だれにもできる逆説的しつけ法「ダメな子の育てかた(●印))」と、努力を伴う期待型しつけ法「良い子の育てかた(○印)」を考える連載「ダメな子・良い子の育てかた」第9回目。
● 兄弟愛の乏しい子にしたかったら
子どもへの接しかたに差をつけることです。たとえば同じことをさせたとき、一人にはほめ、もうひとりにはけなします。他人の前で「上の子はちゃんとしてるのに、この子はダメなんですよ」などと言ってあげましょう。

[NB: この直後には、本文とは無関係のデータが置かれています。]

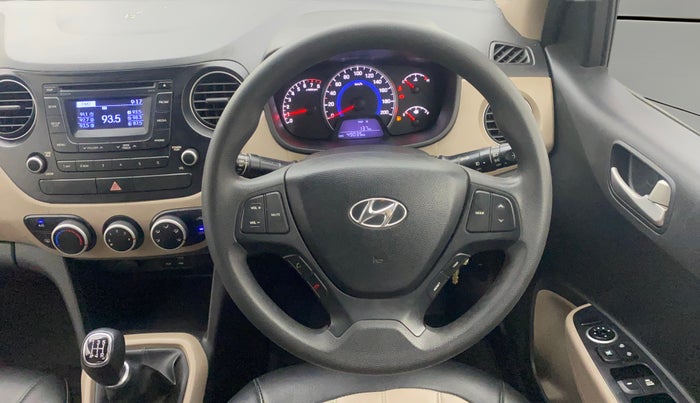 2015 Hyundai Grand i10 SPORTZ 1.2 KAPPA VTVT, Petrol, Manual, 49,022 km, Steering Wheel Close Up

兄弟ゲンカをして、ひとりが泣いてきたときは、けんかの原因を問いただすことはやめ、泣いてきた子だけをかばって、なぐさめます。いつも、どちらかの子のほうが悪いことにします。町へ出るとき、他の家をたずねるとき、自分の気に入った子だけを連れて行きましょう。子どもは、兄弟のあいだに、しぜんに溝を感じてくれるようになってくれます。また、子ども同士がにくみあうようにも、差別を受けた側の子は、親をにくむようになってくれます。
○ 子どもに物を大切にさせたいなら
4、5歳にもなったら、自分のものと他人のものとを、区別する習慣をつけてやることが大切でしょう。兄弟みんなのものということにして、みんなで使うというのはほほえましいことです。しかし、これには、その物に対してだれも責任を持たなくてすむという問題点があります。したがって、扱い方も荒くなり、物を大切にしないということにもつながっていきます。そこで、できれば「これはだれのもの」と決めてやることが望ましいでしょう。そして、誰かが使うときは「○○ちゃん貸してね」と言わせます。実際には、それが兄弟共有のものであっても、だれか一人の所有物にしてやること、それも年上の子にかぎることなく、年下の子にも所有権を与えてやります。そうすれば自然に、自分のものと人のものを区別するようにも、人のものを無断で使わないようにも、使ったあとは責任をもって片づけるようにもなってくれます。